Module 2 Flashcards
What is a case-control study?
A study comparing cases and controls
What is a retrospective case control study?
Researchers looking back on how subjects behaved over time, looking at case group and control gorup
Draw the casual model(i.e. the “directed acyclic graph). Include the mediator, and have arrows which show “what we already know”, “what we can prove”, and “what we want to know”
Refer to PCV 2.1
What is sampling variability/error?
When you draw a random and representative sample from a population, it is not always going to be the exact same sample every time you draw it.
3 students draw a sample of 5 observations from the population. How many samples did each student draw from the population? What is the sample size used in the experiment?
1 sample with a sample size of 5
What is a sampling distribution?
First you take several samples and take the mean of each sample. Then, you treat the sample means as the new data set and plot a histogram.
What is a sample distribution?
A sample distribution would be a histogram of the values within one sample
As you increase the sample size, what happens to the standard deviation, graph shape, and mean of the sampling distribution graph for a NORMAL distribution?
The graph tightens, variability decreases, standard deviation also decreases. The shape of the graph does not change.
The mean of the means does not change with an increased sample size.
What is n?
The sample size
As you increase the sample size, what happens to the standard deviation, graph shape, and mean of the sampling distribution graph for a UNIFORM distribution?
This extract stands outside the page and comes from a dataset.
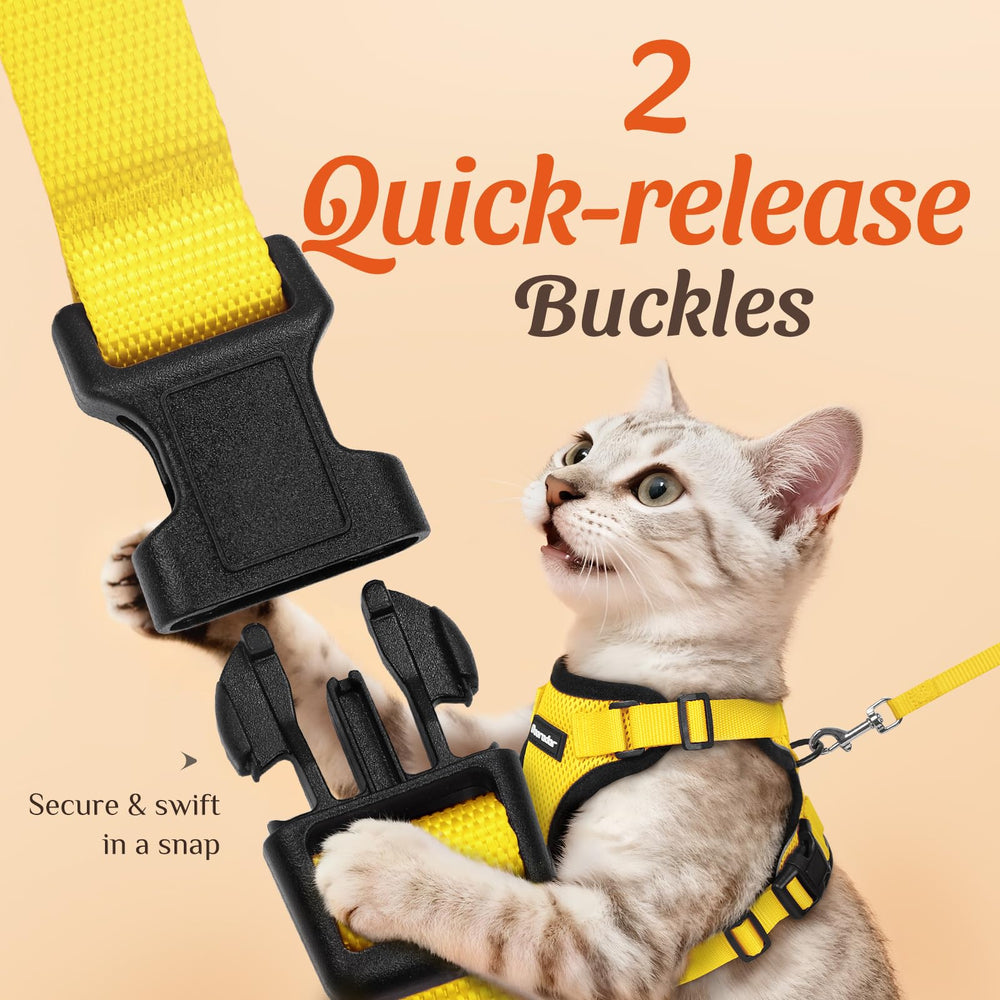Dooradar cat harness neck and chest adjustment snaps.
Mean of the means is unchanged
The standard deviation gets smaller
The shape of the sampling distribution becomes more and more normal
What are some synonyms for a normal graph
symmetric
gaussian
bell shaped
What is the central limit theorem?
When n is “sufficiently” large, the sampling distribution for a particular statistic(e.g. sample mean) will tend towards a normal distribution even if the underlying population distribution is not Gaussian.
What is the normal distribution? What are the two parameters for a normal distribution? If a random variable X is distributed normally, then we denote it as ….
The normal distribution is a continuous probability distribution for real-valued random variable. The two parameters for a normal distribution are the mean (mu) and variance(sigma squared).
(Notation in notes)
How does the normal distribution differ from the binomial distribution?
The binomial distribution is a discrete probability distribution. This means that the values that our random variable X could take on were clearly delineated integers, like the number of heads in five coin flips. X could not be a fraction like three and a half heads.
In comparison, the values that the random variable X could take on in a normal distribution could include fractions of a whole unit
In a normal distribution, what do the mean and variance tell us about the graph?
- The mean tells you about the location of the distribution. The shape would remain the same if only the mean of a normal distribution is changed
- The variance tells us about how widely distributed the values are. The centre of the distributions would be the same but the peak of the graph and the width of the graph would change.
The probability of observing random, normally-distributed values within a given range is equal to
the associated area under the curve (AUC)
this works by considering intervals of potential values for X as defined on the x-axis of the p-lot, then calculating the proportion of th total area under the curve that falls within that interval. This would give us the probability of observing a random normal variable from this population with a value in that range.
Can you calculate the probability for a single value of X in a normal distribution?
No, when working with continuous distributions like the normal distribution, our probability will always be anchored to an interval.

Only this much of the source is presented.